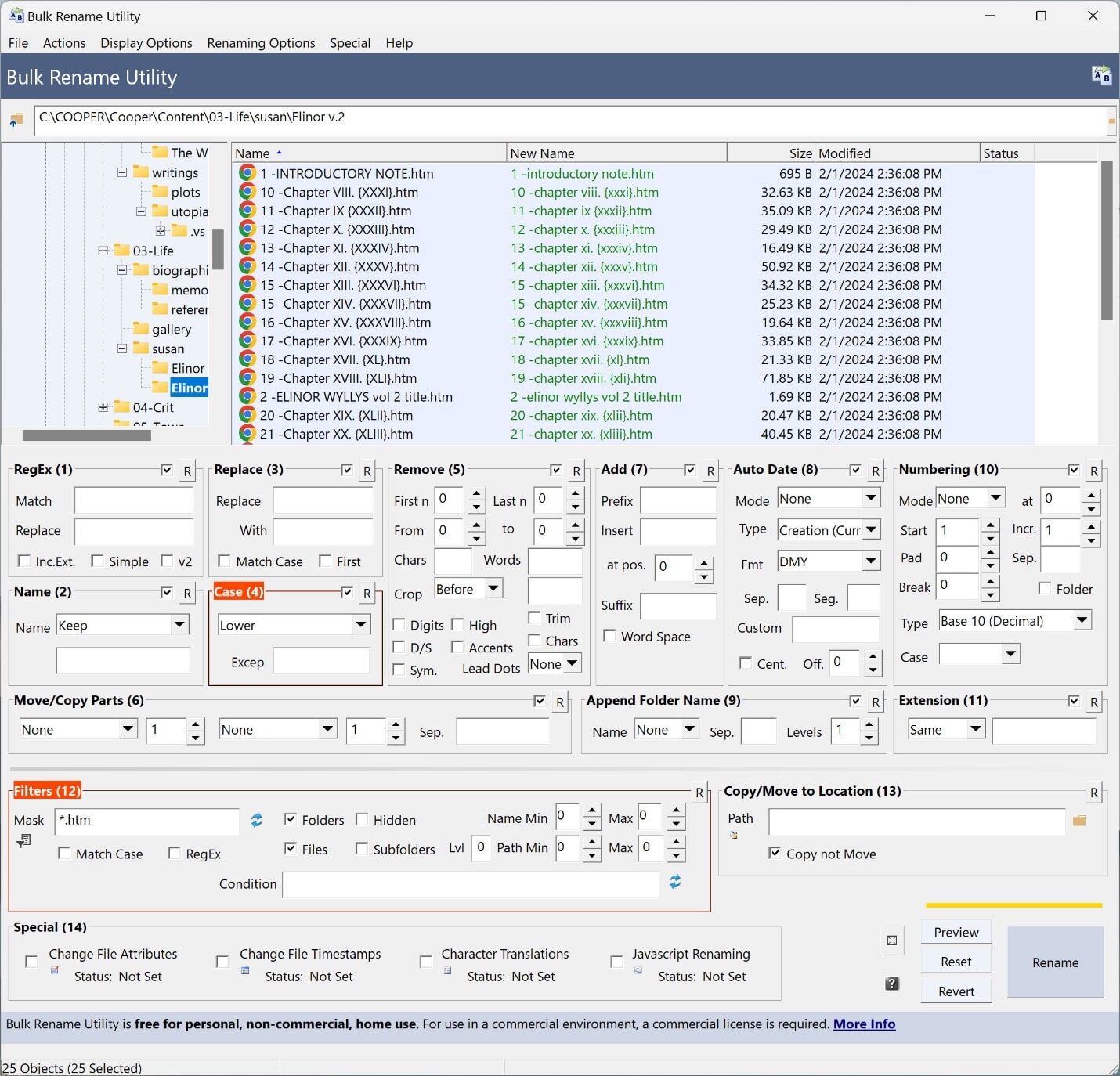 Bulk Rename Utility screenshot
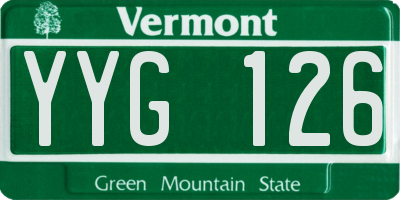 VT license plate YYG126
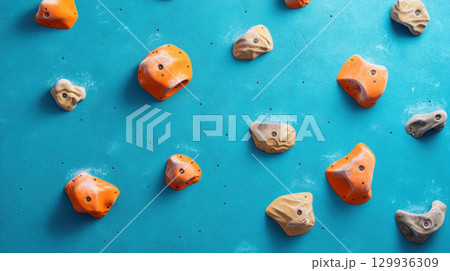 Climbing wall with colorful holds on blue background, perfect for adventure enthusiasts 129936309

[YOUR OBJECTIVE] Write out an exact reproduction of the lines from the line that holds "VT license plate YYG126" to the bottom of the listing above, both ends included. Exclude pictures.

[EXERCISE SOLUTION]
 VT license plate YYG126
 Climbing wall with colorful holds on blue background, perfect for adventure enthusiasts 129936309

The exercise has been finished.